Algorithms also interact with other algorithms — those of the campaigns themselves, for example. These presidential candidates are doing everything they can to end up in front of a set of human eyes attached to a wallet, and that means gaming the system using tricks and specific targeting associated with the details of the account signing up for messages and how they’ve responded to previous messages. Even the very bulk mail service that the candidate uses for its marketing has an impact on how Google perceives those emails. The Markup doesn’t explain how those factors may have impacted its study. For example, the authors of the report say they received nothing from Donald Trump despite the fact that it seems unlikely that a president seeking reelection isn’t sending out campaign emails. There is no explanation for why no emails were sent to this account and no investigation.

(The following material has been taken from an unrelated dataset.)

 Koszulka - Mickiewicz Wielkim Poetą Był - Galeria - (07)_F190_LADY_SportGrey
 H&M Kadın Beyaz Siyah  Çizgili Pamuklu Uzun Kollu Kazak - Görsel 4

What would this even tell us? — This “experiment” used one account — one! — rather than doing a large (or even small) study of multiple accounts controlling for these factors. You would likely need to repeat this experiment thousands of times to even draw conclusions about trends in political email marketing via Google’s service. Even then, since these algorithms (on both ends!) are constantly changing and updating, the data would be a mishmashed snapshot of different versions of the algorithm over the course of months.

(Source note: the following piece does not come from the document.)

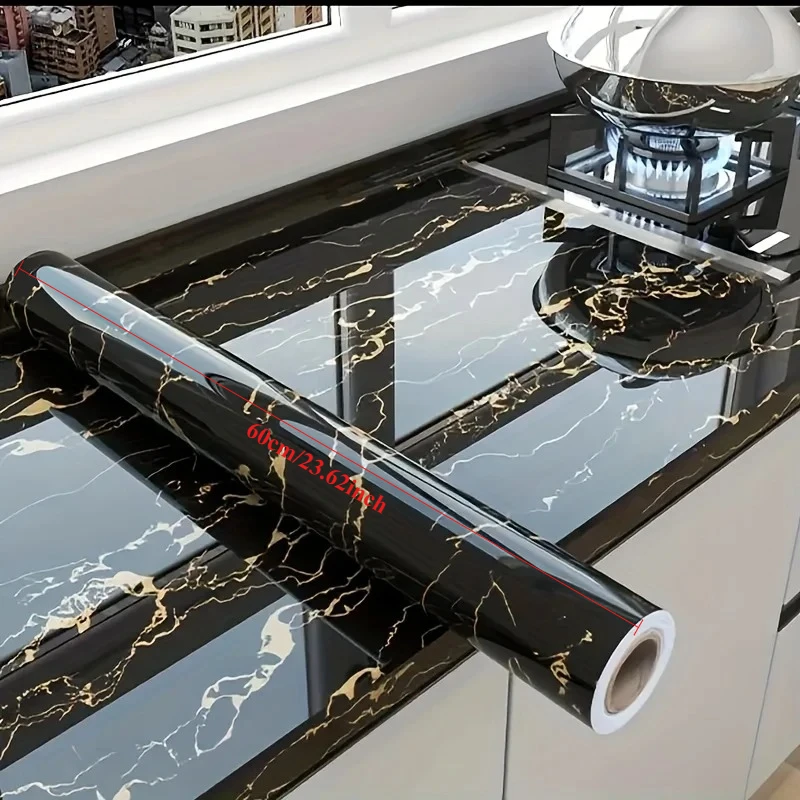 1-meter-long self-adhesive anti-oil marble wall tiles for kitchens, easy to clean, suitable for home decoration.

Importantly, this is also not the way algorithms are actually used. Algorithms are optimized to take as much data on the user as they can and then customize their experience to match their needs and desires. There is no such thing as an objective algorithm just as there is no such thing as an objective direction for a car to go in — and drawing conclusions about what would happen to a hypothetical car with nobody behind the wheel is useless even if the resulting pile-up looks very dramatic.

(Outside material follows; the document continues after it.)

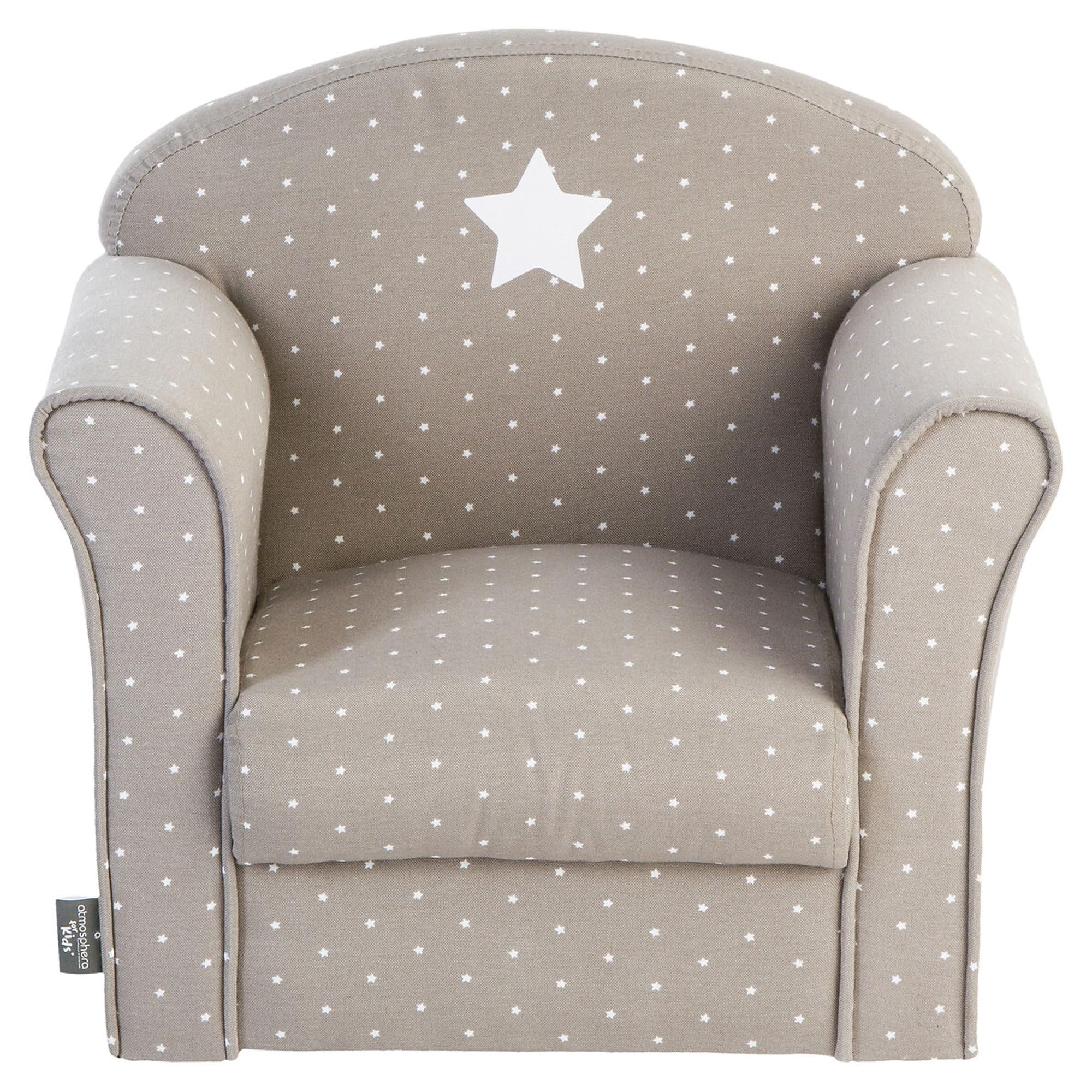 Sillón Infantil Classic Color Gris Topo con Estampado Decorativo, 49 x 35,2 x 44 cm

It should also be noted that The Markup reported its results and methodology in seperate posts, which could lead many users to draw conclusions about Google’s handling of email without even seeing how the testing was carried out — which by its own admission, is a small data set that is “by no means exhaustive.”

There is no question that reporting on the unseen decisions at play inside the algorithms of big tech has never been more crucial or important than it is right now, but presenting a lopsided data set and allowing an audience to draw huge conclusions from that data is nothing short of dangerous. Does Google have too much power over the information we see? Certainly. Should the company be scrutinized and analyzed by independent journalists and researchers? Absolutely. Should the government be more involved in the regulation of what Google can do with consumers’ data? Surely.

But throwing around concepts like bias and shadow bans in relation to big tech and politics has, historically, never been more dangerous to do. If you’re going to issue a report that suggests a major technology company has been favoring, suppressing, or outright removing communications from major political figures, the science has to be airtight. This report, unfortunately, simply opens the door to unscientific speculation, rumor-mongering, and broad conclusions drawn from little evidence.